Exercise goal
For this exercise, output the entries below exactly from the line that holds "set pescuit cu" to the line that holds "Teren de 1056 mp, în Sinești", both ends included. No pictures belong in the copy.

====

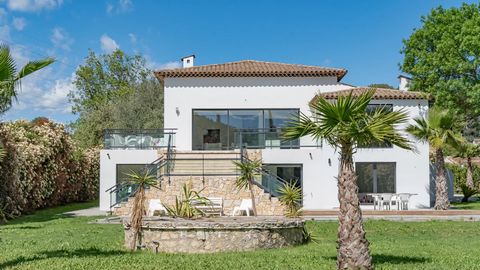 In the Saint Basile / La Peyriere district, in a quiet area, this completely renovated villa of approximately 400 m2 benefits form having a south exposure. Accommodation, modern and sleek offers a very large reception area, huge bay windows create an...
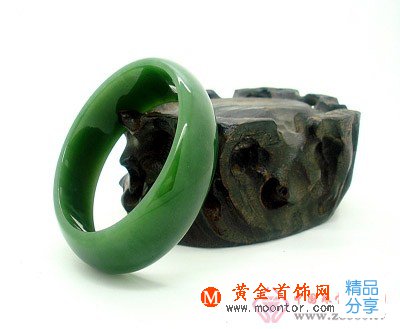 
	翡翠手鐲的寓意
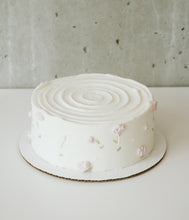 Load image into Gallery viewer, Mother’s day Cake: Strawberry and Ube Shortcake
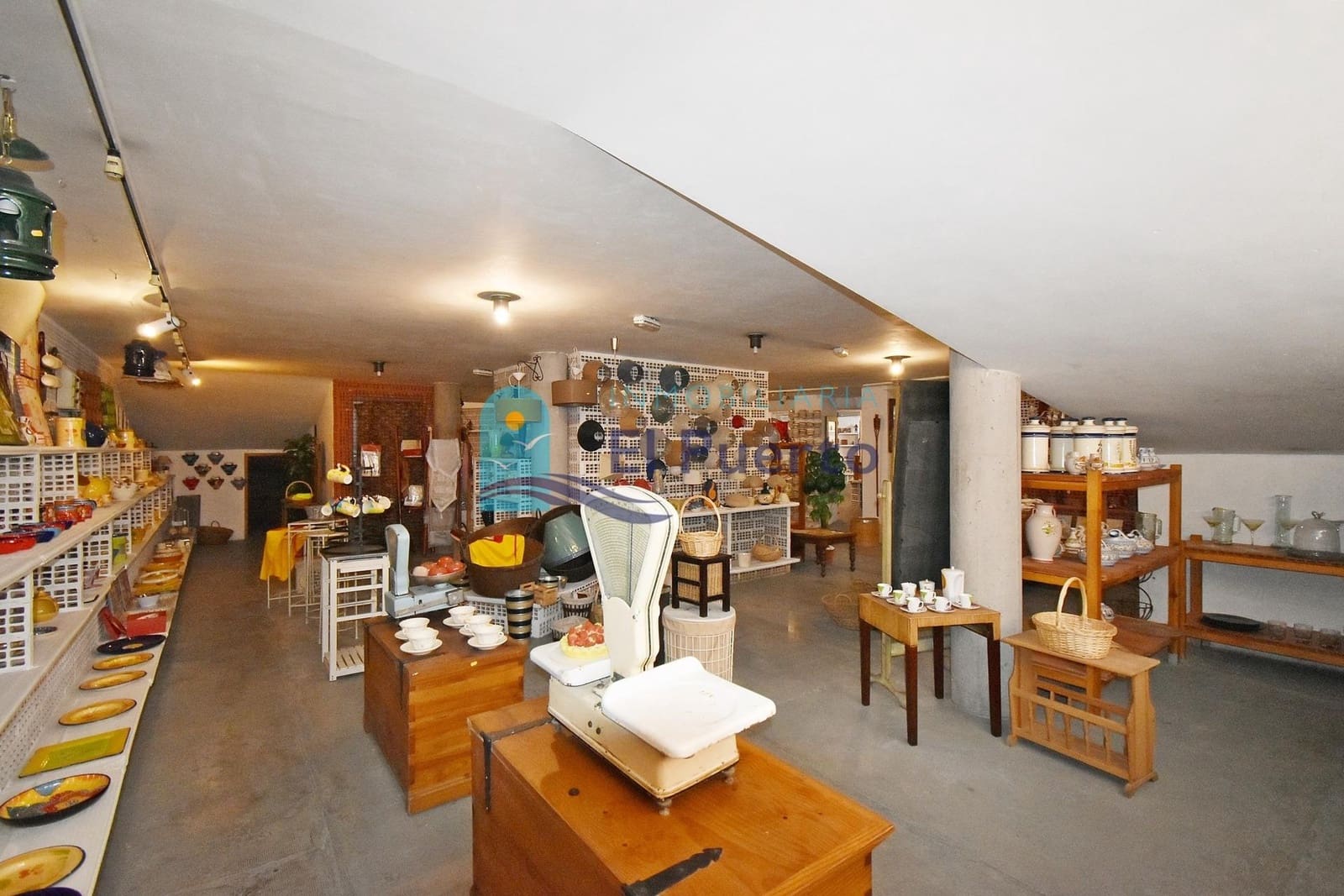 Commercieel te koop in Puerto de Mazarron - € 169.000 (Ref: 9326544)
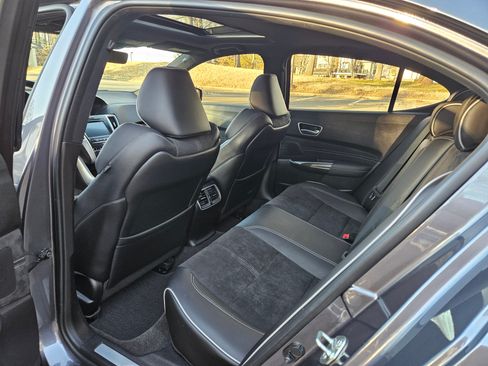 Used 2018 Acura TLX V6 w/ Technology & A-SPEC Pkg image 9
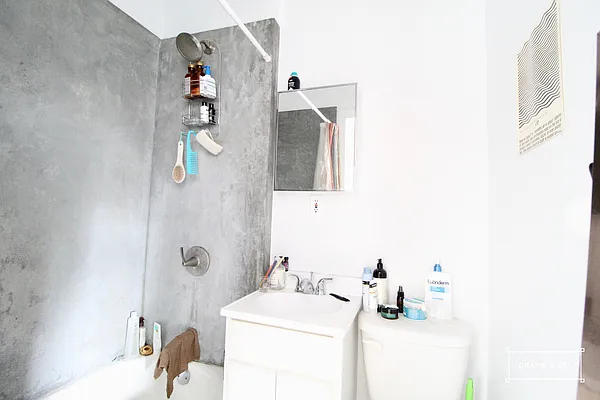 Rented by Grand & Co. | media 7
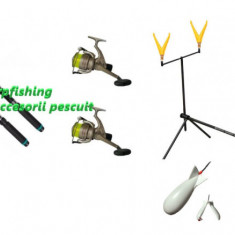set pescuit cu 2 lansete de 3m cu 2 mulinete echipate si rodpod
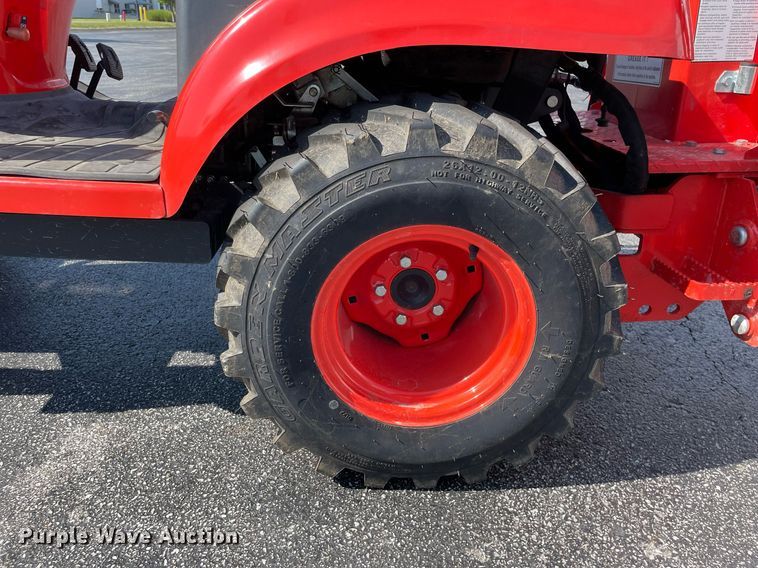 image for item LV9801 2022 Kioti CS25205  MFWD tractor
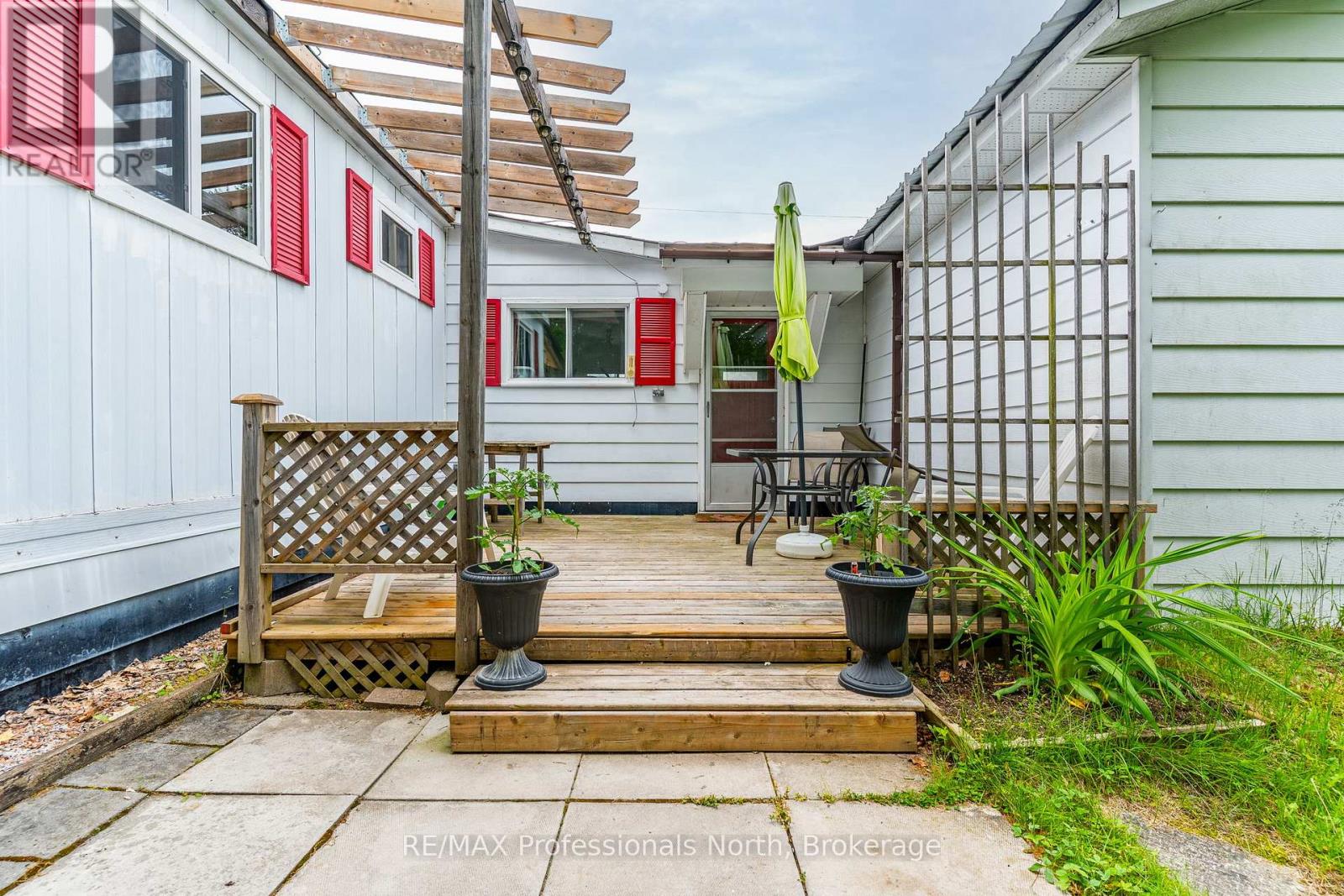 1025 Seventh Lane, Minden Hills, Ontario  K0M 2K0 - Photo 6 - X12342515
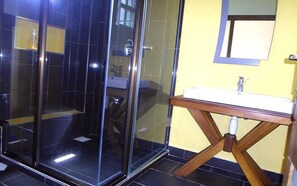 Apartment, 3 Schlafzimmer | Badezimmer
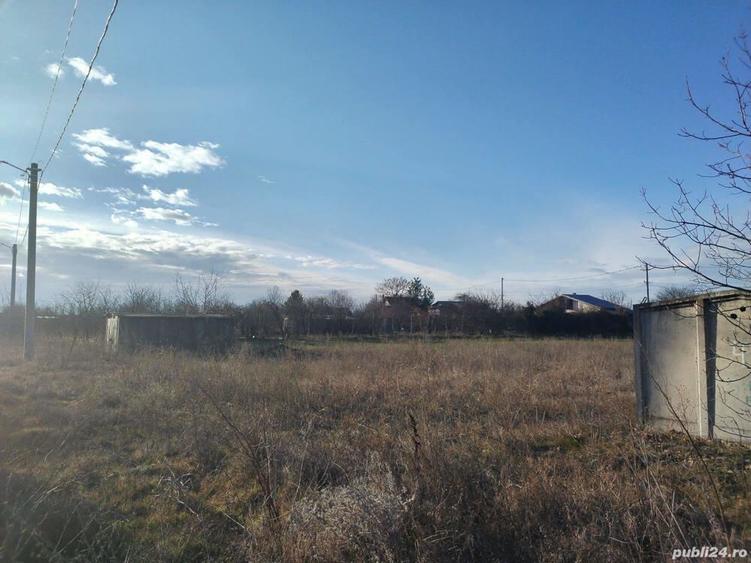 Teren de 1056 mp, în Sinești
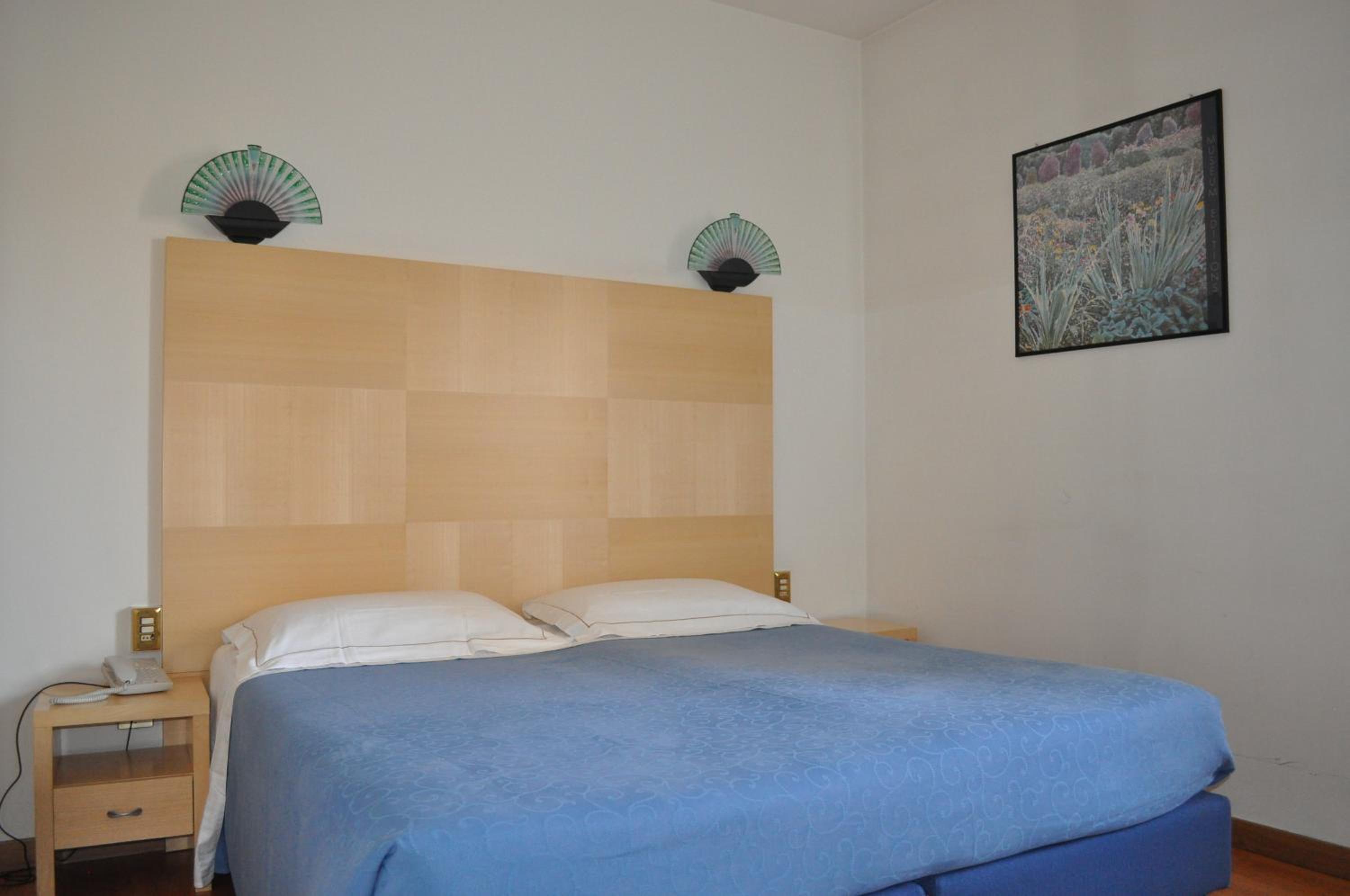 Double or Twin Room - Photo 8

====

Output
set pescuit cu 2 lansete de 3m cu 2 mulinete echipate si rodpod
 image for item LV9801 2022 Kioti CS25205  MFWD tractor
 1025 Seventh Lane, Minden Hills, Ontario  K0M 2K0 - Photo 6 - X12342515
 Apartment, 3 Schlafzimmer | Badezimmer
 Teren de 1056 mp, în Sinești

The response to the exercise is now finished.